Odio cada vez que se meten en mi vida como hambrientos alrededor de una mesa llena de comida. Arrasan con todo lo que hay y luego se van sin apenas percatarse de que en el mundo hay otros tantos que tienen igual o más hambre que ellos. Hambre de llegar el primero en la carrera de fondo, hambre de un halago, de una mirada llena de deseo o hambre de dinero.
A mí me gusta ir a mi bola, no me meto en la vida de los demás porque lo más seguro es que no tenga ese derecho, y porque me duele que lo hagan con la mía, que más que de otros, es mía primero.

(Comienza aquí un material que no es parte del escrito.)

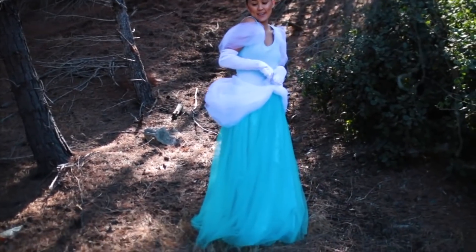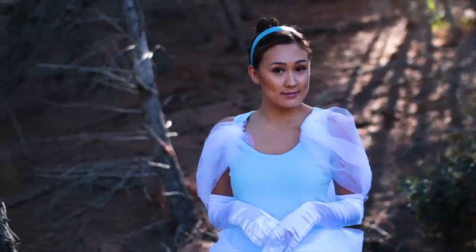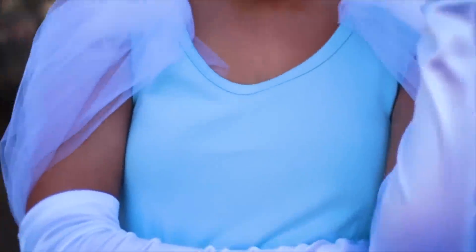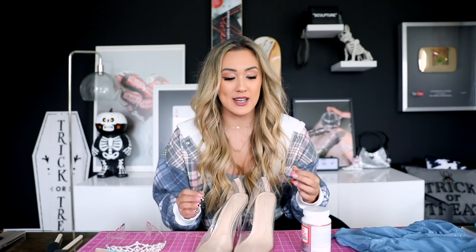The number one worst costume, hands down, was the Cinderella. Even now, after filming that video, I still have literally no recollection of when I was in a sketchy-ass forest wearing the literal worst costume I've ever seen. It's so bad. I've been dying to recreate it because I cannot let that be part of my legacy. The bar is on the f***ing ground with this one.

Así que intento mimarla por si algún día se me escapa antes de tiempo, y llevarla a la espalda de la manera más fácil posible para mí. ¿Tan delito es eso?
A veces pienso que cualquier día de estos me van a detener por querer ser feliz y encima, hacerlo. Soy tan feliz cuando vivo tantísimo y como a mí me gusta que pierdo la noción del tiempo, del espacio, del ruido… Y me transformo, en alguien mejor, en alguien que se ríe, que dice cosas divertidas, que hace travesuras y que se cuela en cualquier sitio con tal de lograr una sonrisa más (suyas).